MATERIAL FOR THIS TASK:
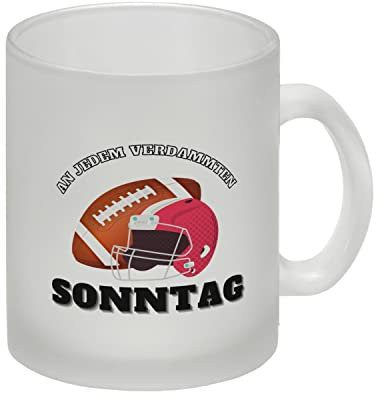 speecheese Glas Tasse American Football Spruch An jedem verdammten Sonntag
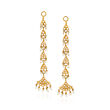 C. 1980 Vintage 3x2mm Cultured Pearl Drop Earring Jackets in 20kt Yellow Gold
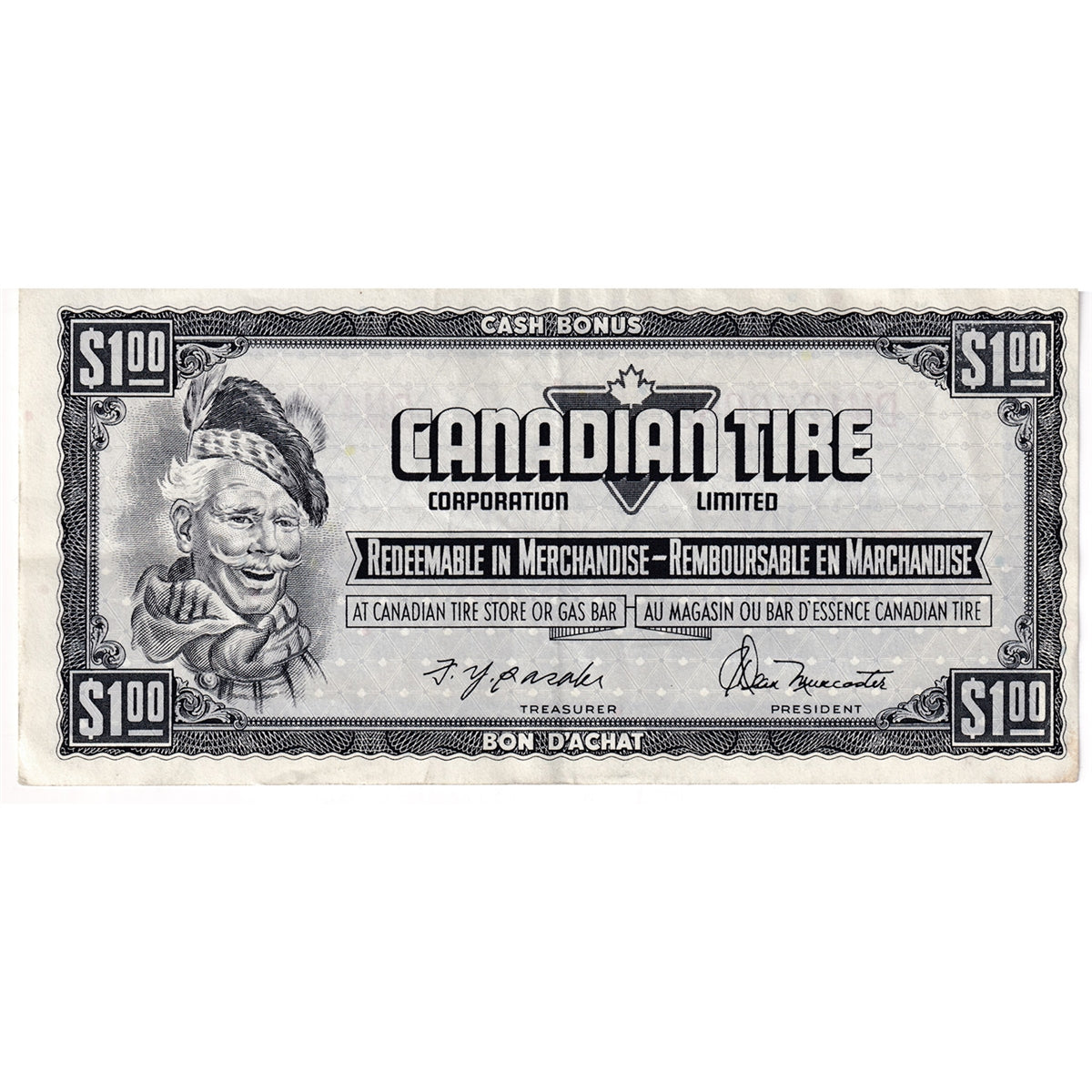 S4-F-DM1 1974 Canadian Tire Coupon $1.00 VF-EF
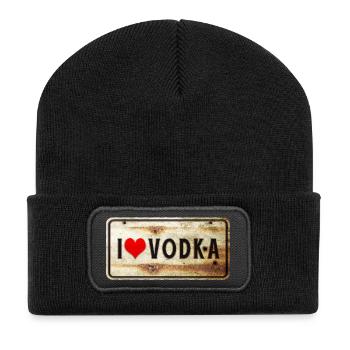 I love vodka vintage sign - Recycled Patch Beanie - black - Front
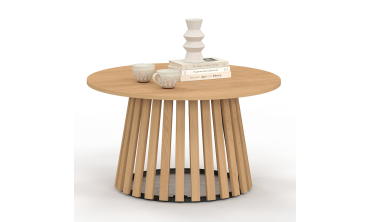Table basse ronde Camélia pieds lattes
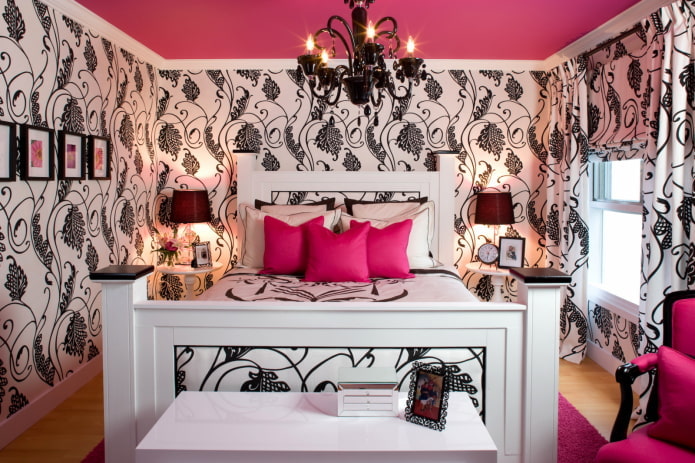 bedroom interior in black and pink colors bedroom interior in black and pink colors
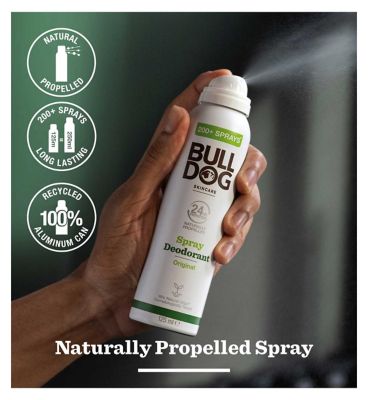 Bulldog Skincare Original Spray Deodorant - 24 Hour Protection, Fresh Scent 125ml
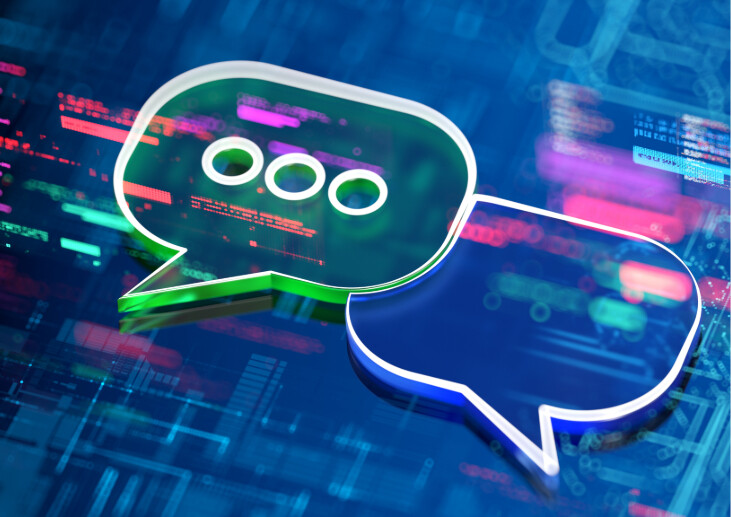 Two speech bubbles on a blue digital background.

WORK INSTRUCTIONS: Copy exactly, and only, the lines from the first line of the material through the line that contains "S4-F-DM1 1974 Canadian", both ends kept; no pictures.

RESPONSE TO THIS TASK:
 speecheese Glas Tasse American Football Spruch An jedem verdammten Sonntag
 C. 1980 Vintage 3x2mm Cultured Pearl Drop Earring Jackets in 20kt Yellow Gold
 S4-F-DM1 1974 Canadian Tire Coupon $1.00 VF-EF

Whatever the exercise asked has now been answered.